A razão pela qual o estudo de Putnam encontra uma quantidade de escolhos encobertos pelas turbulentas águas da ideologia é simples: a comunidade, assim como Putnam a concebe, já não existe, ou encontra-se em vias de extinção. Putnam pertence à longa lista dos amigos de Toqueville e nessa inspirada relação encontra o seu zénit académico, o ápice da comoção social e da sua análise crítica.
Nesta confraria, há muita gente preocupada com o facto de os velhos hábitos se estarem a desvanecer. A este pânico pelo gradual esmaecimento da tradição podemos apelidar de atavismo. Mas talvez seja exagerado lançar tão forte libelo ao que, afinal, até parece ter boas intenções, ao pretender recuperar um qualquer mundo perdido onde a confiança mútua engendrasse comunidades e onde a proximidade (a velha
proxemia) fosse o molde em que os humanos se forjassem enquanto animais gregários. Daí que analisar idas à igreja, chás de caridade, clubes de gamão e de bisca lambida, parece devedor de quadros de antanho, vírus toqueviliano de fácil impregnação, mas de muito difícil remoção.
No tempo de Toqueville, uma comunidade era algo tangível, e que tanto podia assomar por ocasião de um funeral à boa maneira puritana – com discursos e belas e emocionadas palavras – como em torno de um cadafalso, a esquartejar bruxas ou mulheres perdidas – que as hay a gente já sabia – como nos contam as aventuras da scarlet letter, eventualmente o romance anti-toqueviliano por excelência (pura especulação). O ponto é que este sentir comunitário enquanto fenómeno agregado de viveres antigos existe apenas na imaginação passadista do sonho americano.
Onde é que Putnam erra, mas erra estrondosamente?
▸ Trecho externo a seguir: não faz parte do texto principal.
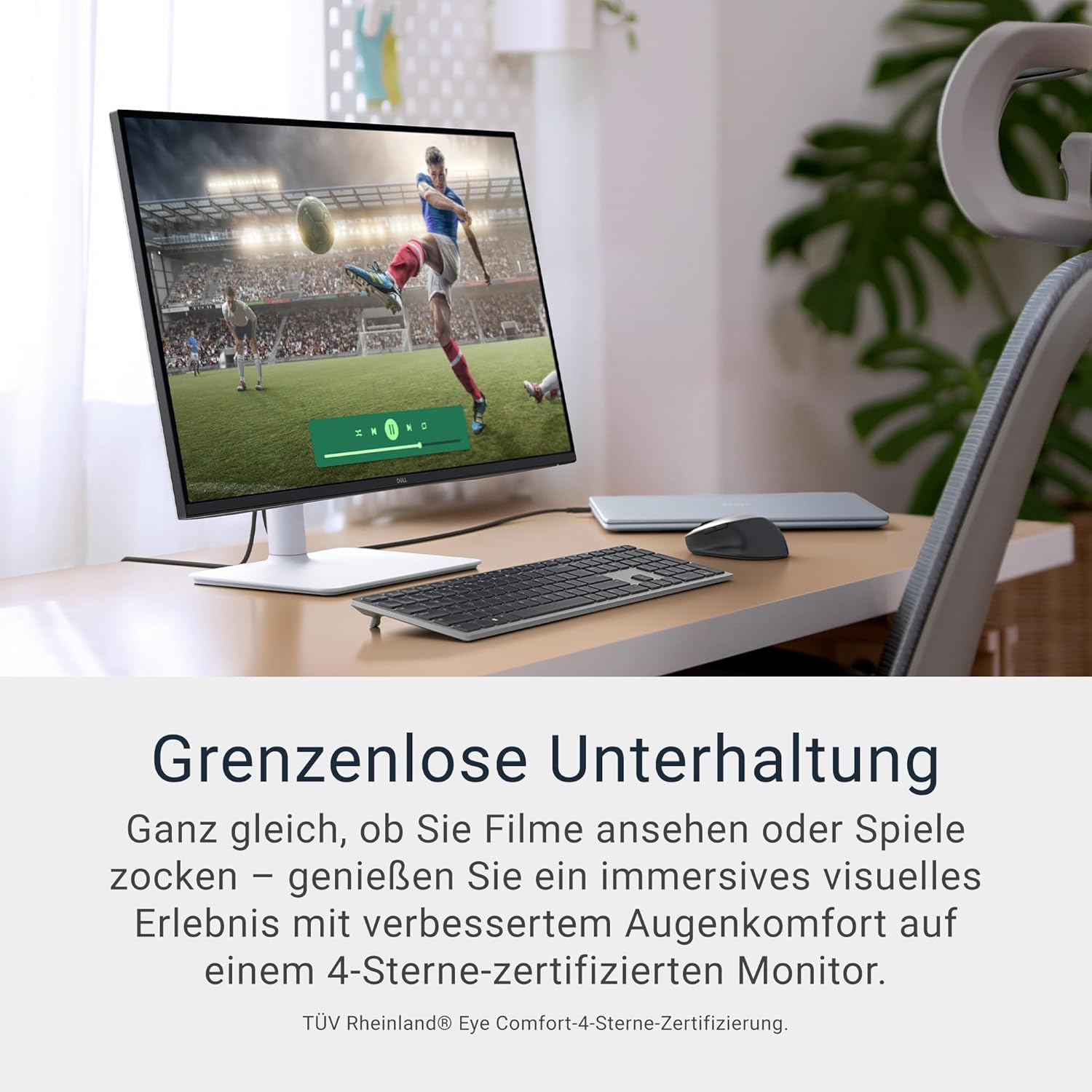 Dell S2725QS 27"/68.58 cm 4K Monitor|Titan Grey|IPS 120Hz |350 cd/m2 | 4 ms, Contrast 1,500:1| Tilt, Height, Pivot & Swivel Adjustable|Ports: 2X HDMI| 2 * 5W Speakers|99% SRGB |AMD Freesync Premium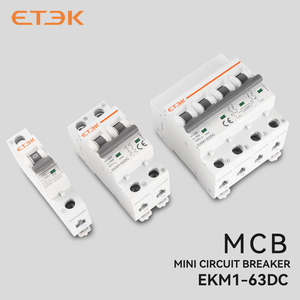 ETEK 1P/2P/4P DC 500V/1000V <strong>Mini</strong> <strong>Circuit</strong> <strong>Breaker</strong> 1-63A 6ka Solar MCB for PV System EKM1-63DC Miniature <strong>Circuit</strong> <strong>Breaker</strong> 250V - Product Image 2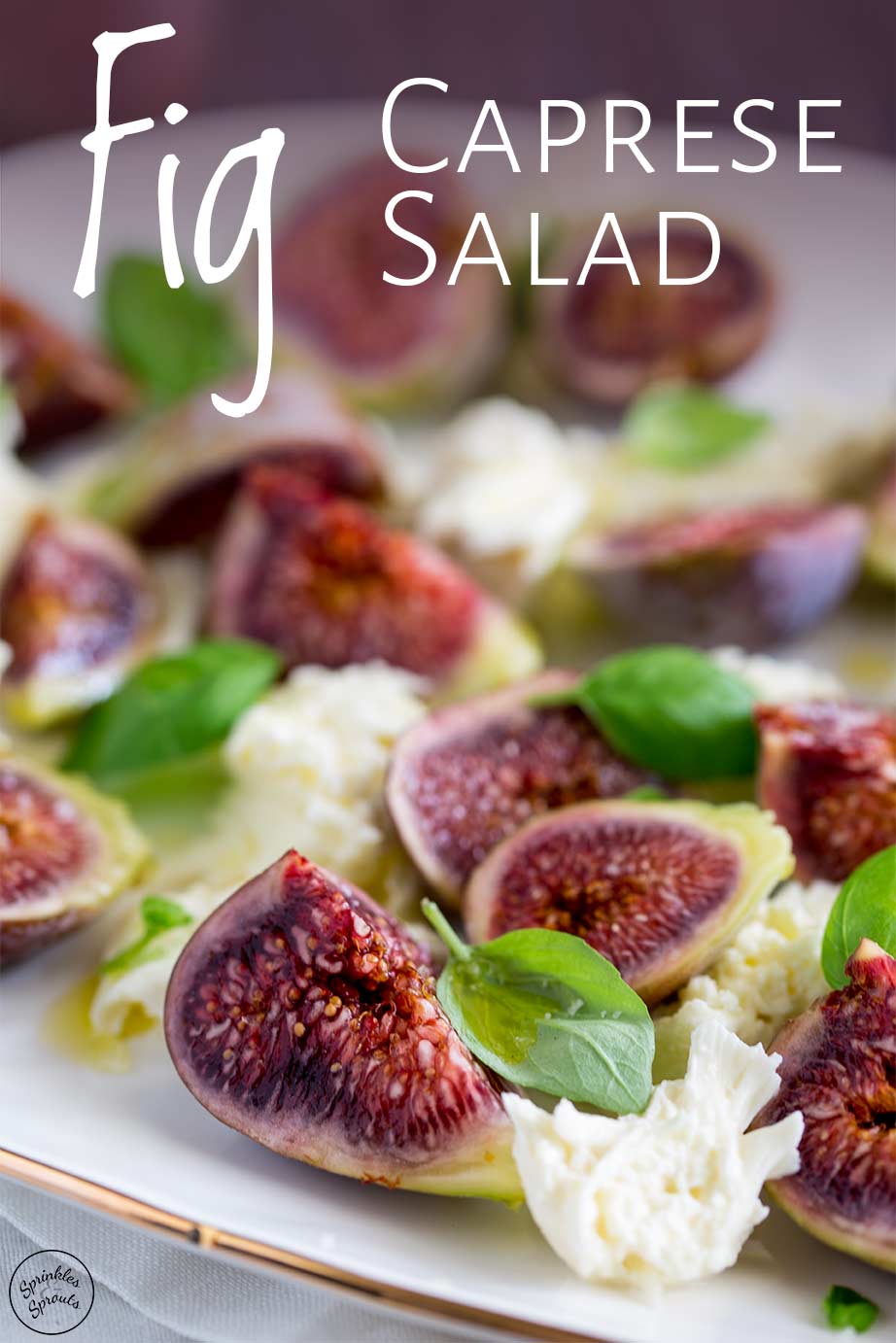 close up on the fig salad with text at the top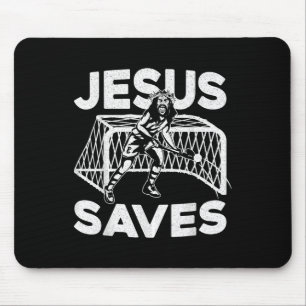 Alfombrilla De Ratón Hockey sobre césped Jesús Fe cristiana Jesús salva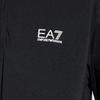 Emporio Armani EA7 Весна-Лето 2024 Поло с полосатой отделкой и логотипом-буквой, мужская футболка с коротким рукавом, верх Черный 6DPF18-PJ27Z-1200
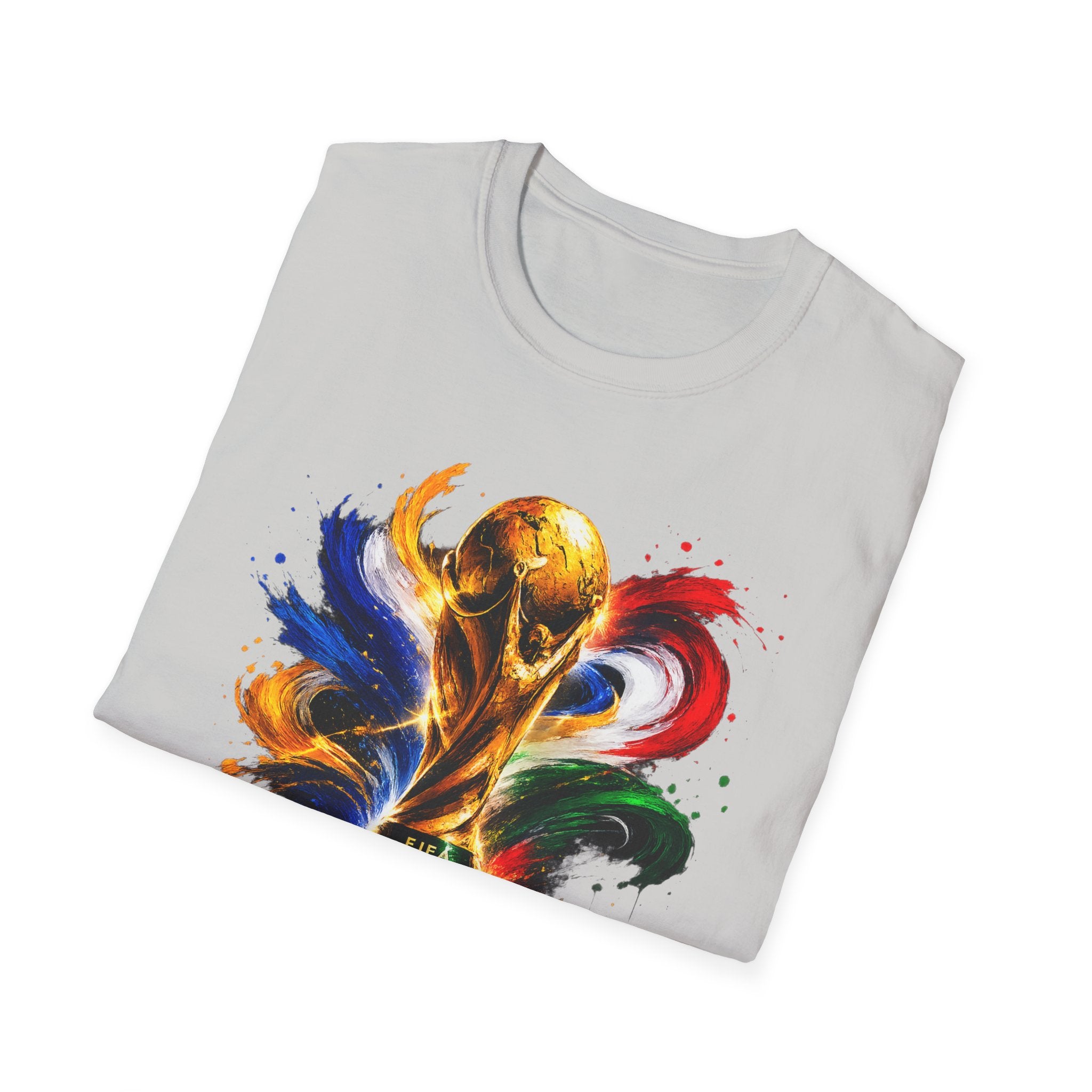 World Cup 2026 T-Shirt — Colorful FIFA Trophy Graphic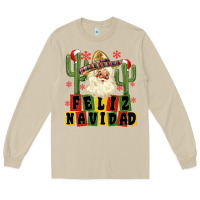 Mushroom feliz navidad mexican santa Long Sleeve Tee - MaliasSmallBusiness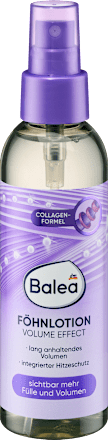 Лосион за обем на косата при сушене със сешоар Balea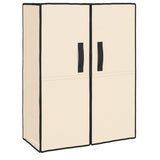 VIDAXL -Schuhschrank 60x28x90 cm Stoffcreme -Colored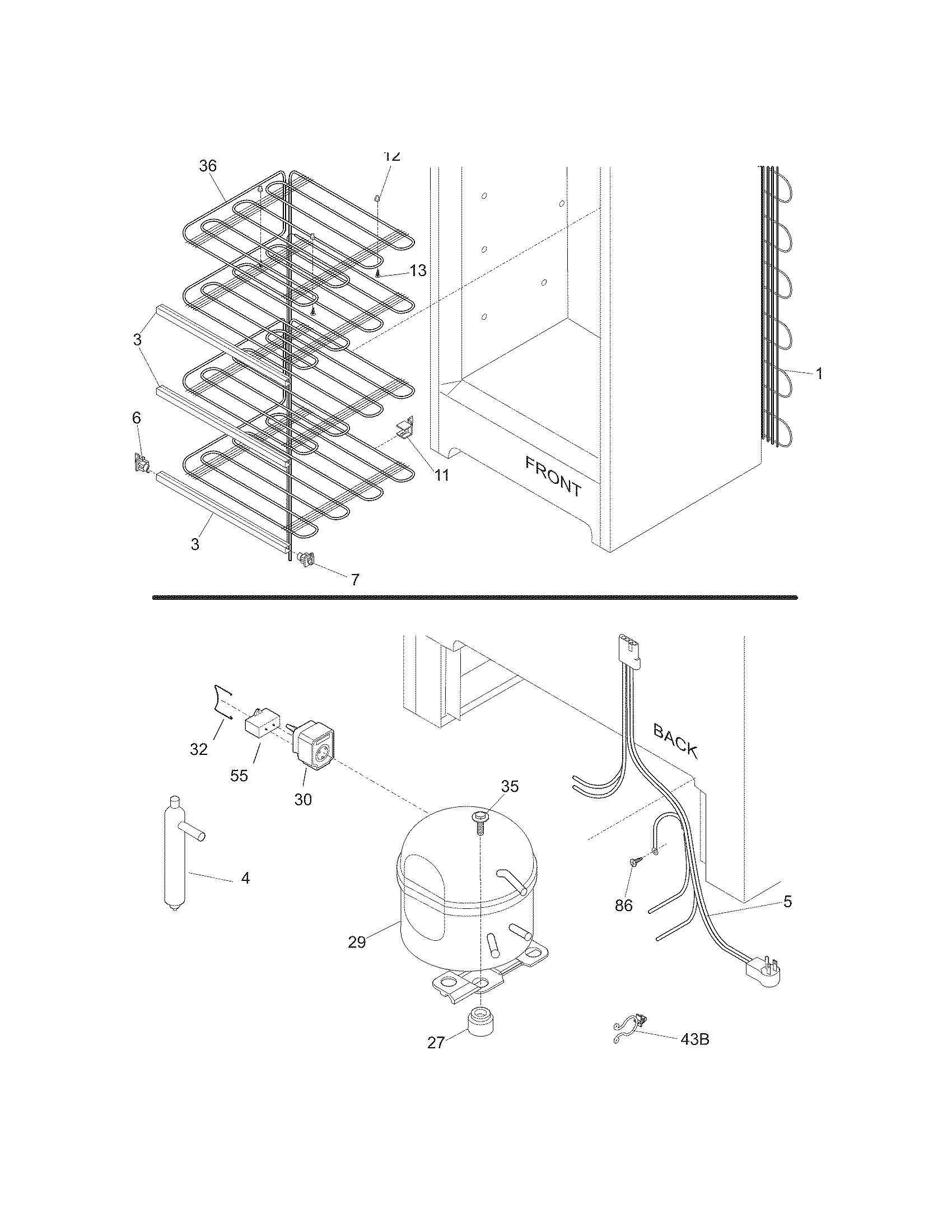 Kenmore 25328722802 system diagram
Hoje em dia, é mais fácil encontrar comunidades virtuais, através das sinuosas vias da internet, comunidades para todos os gostos, desde desviantes sexuais, admiradores da mesma raça de cães, nudistas, culturistas, até grupúsculos que se organizam em torno dos mesmos livros e que surgem tão espontaneamente quanto a amazon.com os cruza recorrendo às suas potentes bases de dados. Pegando neste último exemplo: enquanto cliente da amazon.com, ao comprarmos um livro, somos imediatamente categorizados num cluster que possui os mesmos gostos. Esta agregação é eventualmente mais potente do que qualquer grande sondagem, e surge com a espontaneadade de uma escolha consumista. Este simples acto, atira-nos inadvertidamente, sem que o quiséssemos, ou sem que para isso necessitássemos de uma qualquer declaração de intenções – para além da compra – para uma comunidade, para um círculo que partilha as mesmas escolhas, de tal forma que a amazon.com acerta com uma precisão quase tenebrosa. Esta não é a idade das trevas para a comunidade. Esta é, antes de mais, a idade da profusão virtualmente infindável da comunidade – pequenas e mutáveis comunidades; comunidades intangíveis, comunidades que se formam e dissolvem na mesma semana.
Os indivíduos não vão à igreja? Não se encontram no largo do coreto para cavaquear? Não se mobilizam nas decisões da coisa pública? Pois não, e não é por isso que eles deixam de se ligar, melhor dizer conectar, em míriades de contactos, alguns duradoiros, outros fugazes, mas que se multiplicam em redes e conexões. Na época do virtual a comunidade não pode corresponder à middle town. E se temos mais contacto, se partilhamos mais a nossa intimidade com alguém que está no Japão do que com o nosso vizinho, é porque as coisas que podemos partilhar com o nosso vizinho são na verdade extremamente limitadas. Conviria por conseguinte interrogarmo-nos por que razão nos é menos penoso partilhar certas coisas com alguém que se encontra a milhares de quilómetros de distância do que com a velha que vive na porta ao lado. Isto coloca um hiato incolmatável entre a confiança e a proximidade física e espacial.
Comunidade sem corpo versus corpo comunitário.